Last summer I grew tired of my disfigured maple tree continually splintering into heavy, large and sharp pieces and damaging my neighbor’s house.
The tree in question (henceforth referred to as Demon Tree) already created irreversible damage to whatever awkwardly strained relationship my neighbor and I once shared. Over a period of two years, the tree sent her insurance premiums through the roof, ironically just like my wayward tree limbs did — right through her roof.
I ended up calling a tree guy out to my house last October to get an estimate on how much it would cost to exorcise the Demon Tree outright. I sought to smite the timber troublemaker back to the nightmare realm from which it came eons ago.
The qualified tree professional, Dale, came over, took a bite from his bologna sandwich, adjusted his red suspenders seven times and then mustered the dollar figure of $500 for the removal job.
Somewhere around this time I started having grand delusions that I could conquer the Demon Tree myself, despite the fact that I have never operated a chainsaw.

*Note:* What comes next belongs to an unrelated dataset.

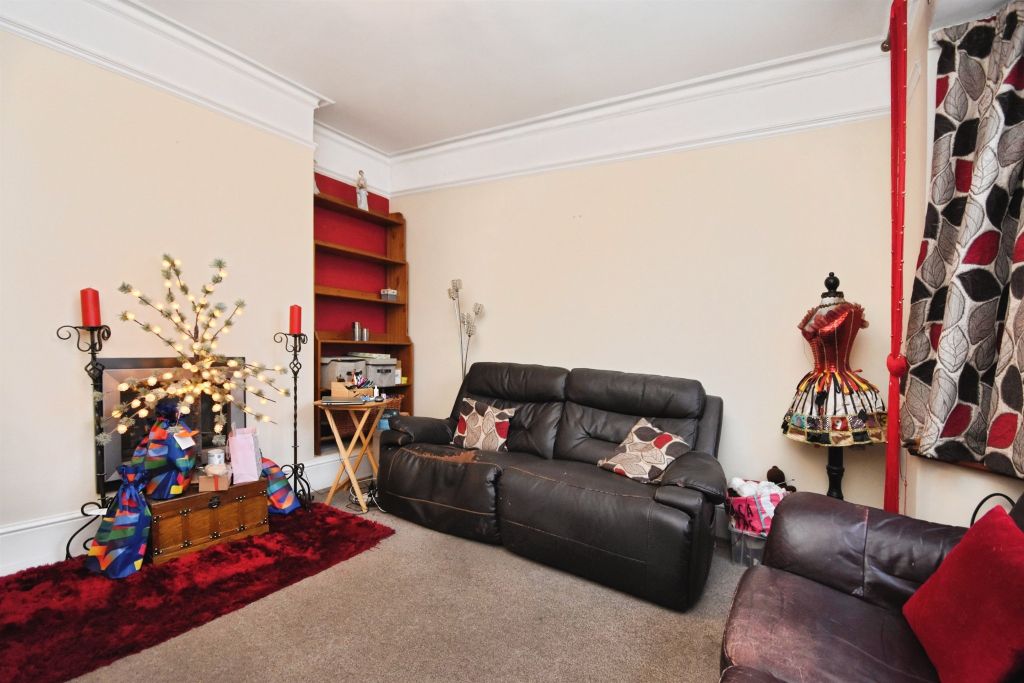 Property photo 3 of 14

This possibly fatal do-it-yourself fantasy was further reinforced by my faux uncle, Don Beam. Don said with his tree-killing arsenal of gas-powered implements of destruction and his backhoe that we could tackle the devilish tree once and for all.

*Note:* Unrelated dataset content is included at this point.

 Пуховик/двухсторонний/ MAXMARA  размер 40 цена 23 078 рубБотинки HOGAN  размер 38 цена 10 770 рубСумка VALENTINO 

After all, I could find more than a million uses for $500. For instance, like repairing my own roof when the Demon Tree falls on top of it because I’m too cheap to hire a qualified and sandwich-eating professional (who is bonded and insured).

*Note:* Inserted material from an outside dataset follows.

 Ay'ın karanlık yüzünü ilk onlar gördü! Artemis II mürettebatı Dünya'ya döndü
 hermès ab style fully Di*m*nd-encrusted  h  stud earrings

Welcome to my world, ladies and germs. It’s a fun and curious wonderland, though it sometimes carries the threatening prospect of getting crushed by a falling maple tree.
Early one morning during my vacation Don called me.
“Are you ready?” he asked in a low, hushed tone.
“Yes,” I replied, knowing what he was referring to without him alluding to it. It seemed like a mafia hit.
Ten minutes later, we were on the road en route to the home of a guy Don knew named Ed. Ed wasn’t home. Don and I went into his garage and acquired some yellow rope. I would like to tell you this was the first time we committed a daylight burglary together.
Once we arrived back at my place we took swift justice on the low-hanging limbs. Don climbed the tree with monkey-like agility before he carved what he could off the Demon Tree before we planned on felling the beast. That’s pretty impressive if you ask me, because Don technically qualifies as a senior citizen (though he’s more in shape than most whippersnappers I know).
Before we decided to call out “Timber!” I walked next door and told my neighbor that it might be a good idea for her to move her car, especially since the tree might topple in that direction.
“I don’t want to park on the street,” she said, stoically.
“Well, are you telling me you want a tree to fall on your car?” I responded. “Perhaps you should reconsider; maybe you aren’t seeing the forest for the tree.”
Soon thereafter Don and I got down to brass tacks, but we needed all of the muscle we could afford. I called up my friends Dave and Josh to help with the preparation. I also figured that in that circumstance the more eyewitnesses I had the better.
The execution of the tree was by design — Don manned the slowly-moving dump truck, which was tied to some rope that was tethered to the Demon Tree. The rest of us just stood nearby like fools as an audience of townsfolk watched in horror.
And from there, gravity did the rest. The Demon Tree fell harmlessly into my yard, just like Don said it would all along.
I’d like to think this will improve my relationship with my neighbor, but I don’t think it will. I think she still ‘arbors ill feelings toward me.